The performance improvement on LBM previously achieved with improved software prefetching (36d4421) seems to have gone lost with https://reviews.llvm.org/D88789. This commit (e00f189) removes a canonicalization that changed 'load double -> store double' to use i64 instead. I notice that there now is one memory access in the loop that LoopDataPrefetch cannot handle, while before there was none. This means that when getMinPrefetchStride() is called on LBM_performStreamCollideTRT NumStridedMemAccesses=92 but NumMemAccesses=93, so the test fails.
That memory instruction gets a SCEV that is not an LSCEVAddRec, but looks like
((8 * r({0,+,20}<nuw><nsw><%for.body> + %.sink571))<nsw> + %dstGrid)
, which is similar to one that is, e.g.
{(152 + %srcGrid)<nuw>,+,160}<nuw><%for.body>
There is still a stride it seems (+20), but it is not as simple of an expression as an LSCEVAddRec which LoopDataPrefetch can handle.

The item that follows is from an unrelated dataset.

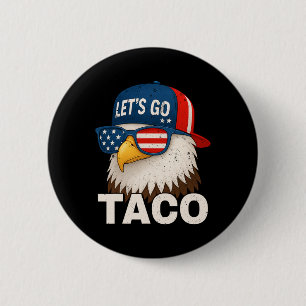 Macaron Rond 5 Cm Allons Taco Drôle Trump Toujours Se Défile 32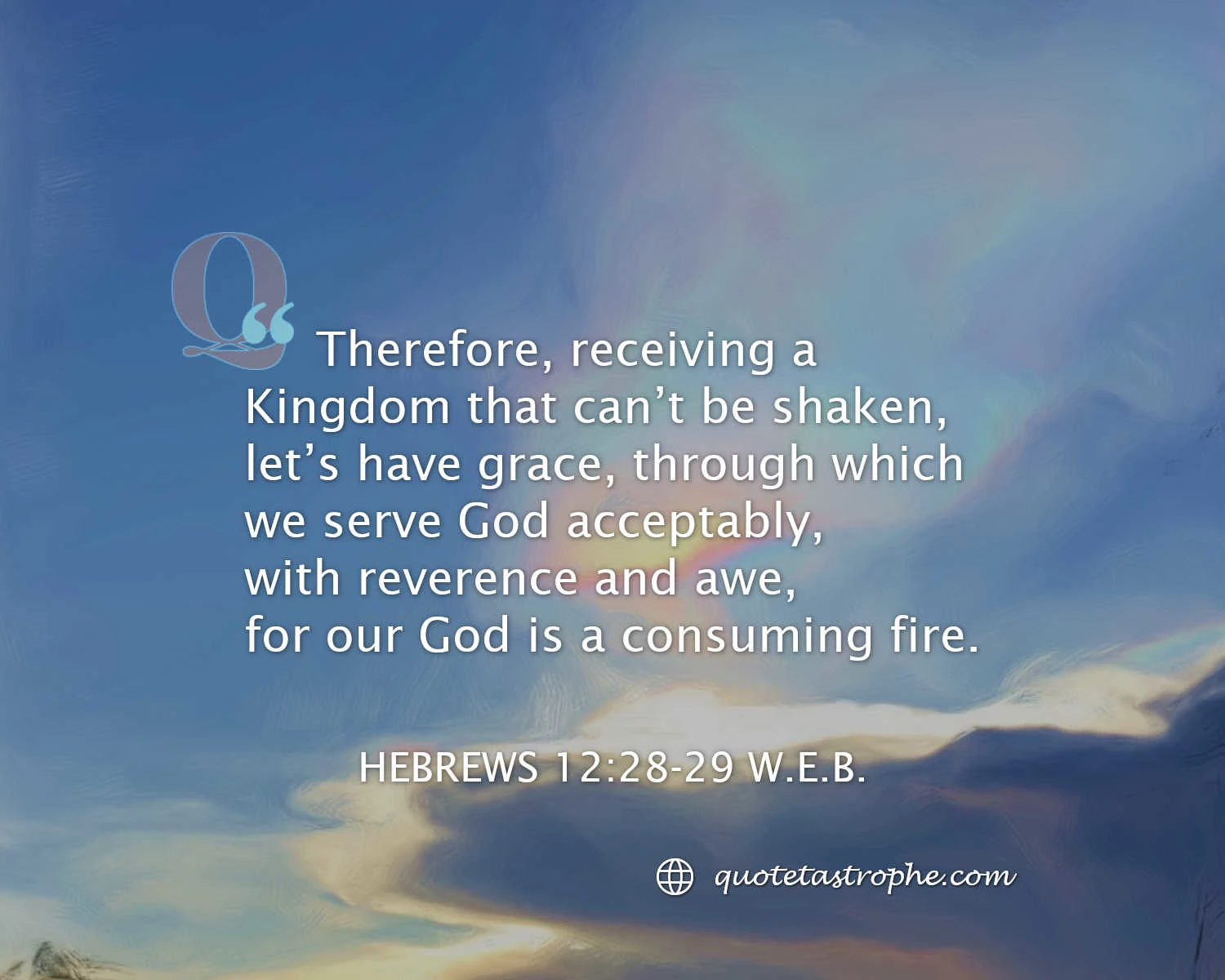 Hebrews 12:28-29 Bible Quotes Posters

The reasoning in getMinPrefetchStride() tries to establish cases where software prefetching seems likely to be beneficial: too many (more than 16) prefetches may by themselves put an extra load on the LSU which could be bad. If the relatively few prefetches cover many more (more than 32) memory accesses, and there are not any other (non-prefetched) memory accesses that stress the memory systems to make prefetching less likely beneficial, then emit the prefetches. It doesn't seem right to bail just for one non-prefetched access, so it seems reasonable to allow a relatively very small amount of non-prefetched instructions, to make the heuristic more stable. This patch suggests allowing 1 non-prefetched memory access per 32 prefetched ones. This handles LBM, and also gives two prefetches to imagick which however do not seem to play a role.
Alternatively, it might be possible to find a refined heuristic that would differntiate between "stride not found" instructions and "stride found, but not handled" (like the one above). Out of the non-prefetched instructions (NumMemAccesses - NumStridedMemAccesses), there are those that have some kind of known stride, and then also those that do not have any kind of stride at all. A stride would load the h/w prefetcher, which may make s/w prefetching more desirable, but there is also the general load of the memory systems to consider...
Measuring LBM built with e00f189 and the one immediately before (last commit where prefetching happened as intended), it seems that if -min-prefetch-stride=1 is used on both versions, e00f189 may be slightly preferred (34% speedup vs 32%). So e00f189 doesn't seem to be necessarily bad by itself.